Henry Delvaux raconte : « Ne se croyant en sûreté qu’à l’ombre des voûtes du sanctuaire, il se réfugia dans la cathédrale, et là, au pied de l’autel de la Vierge, il se jeta par terre, les bras étendus en croix, voulant ainsi rappeler à tous saint Lambert, de glorieuse mémoire, qui, à cette même place et dans cette même position, avait subi le martyre quelques siècles auparavant. Levant ensuite les yeux sur l’autel de la Vierge, il s’écria : « Hélas, hélas ! voici que vient le jour, où sous ton sol, les pourceaux fouilleront la terre, où ton autel édifié à l’honneur des saints deviendra une étable pour les animaux immondes. » Il n’eut pas plus tôt achevé ces paroles, rendues prophétiques par les événements, que des prêtres, oubliant le respect qu’ils devaient tant à eux-mêmes qu’au lieu où ils se trouvaient, le frappèrent à coups de poing et de bâton, lui lacérant le visage de leurs ongles et lui arrachant la barbe et les cheveux. Bien plus, ils prièrent l’évêque de faire incarcérer Lambert. »

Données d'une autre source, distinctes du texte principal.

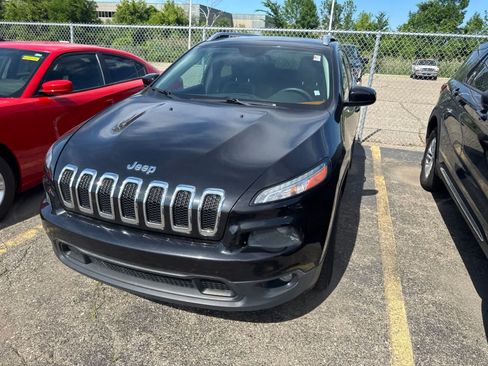 Used 2014 Jeep Cherokee Latitude w/ Comfort/Convenience Group FWD image 3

Sous pression, Raoul l’emprisonna donc au château de Revogne près de Rochefort. C’est dans cette prison que, aidé par saint Paul selon la légende, il traduisit du latin en français les « Actes des Apôtres ». Le peuple de Liège, en revanche, n’apprécia guère qu’on le sépare de celui qu’il considérait comme un prophète, voire un saint homme. Et il le fit savoir au prince-évêque. Raoul l’envoya dès lors à Rome afin que le pape en personne se rende compte de la dangerosité d’un tel prêtre. Pour l’évêque, Lambert était un fou, un simple d’esprit, juste bon à être conduit au bûcher. Pour se défendre, il écrivit un mémoire, encore conservé dans les caves bien gardées du Vatican, appelé l’antigraphum. Il y explique que dans son Église, il n’y a plus d’hommes spirituels et saints, pas plus parmi les prêtres que dans les rangs des laïcs. Aussi, selon lui, les fidèles doivent-ils éviter leurs pasteurs, comme les brebis fuient les loups. Lui-même, écrit-il, se sépare de l’Église pour se ranger du côté de Jésus-Christ. Il ne veut pas non plus du repos du dimanche, parce que les fidèles l’emploient à tout autre chose qu’à glorifier Dieu. Contre toute attente, le souverain pontife se rangea à ses arguments. Il trouva même en Lambert un homme simple, pur et droit. Et il le renvoya dès lors à Liège avec autorisation de prêcher, avec certes un peu plus de retenue à l’égard des prélats, estimant que le prêtre pouvait même faire grand bien au peuple mosan.

Las. Affaibli par son voyage à Rome, Lambert n’eut pas beaucoup l’occasion de sensibiliser les âmes liégeoises. Il mourut peu après son retour et fut inhumé dans l’église Saint-Christophe qu’il avait bâtie et qui était entourée de ces béguinages auquel il avait tant donné. Jusqu’à son nom ! Peu de temps après, c’est la cathédrale Saint-Lambert qui fut détruite par un violent incendie. Les Liégeois ne manquèrent pas de voir dans cet événement l’accomplissement de la prophétie de Lambert, lors de son arrestation dans la cathédrale. Ses biographes, pour ne pas dire hagiographes ajoutèrent quelques touches pour en faire un héros populaire.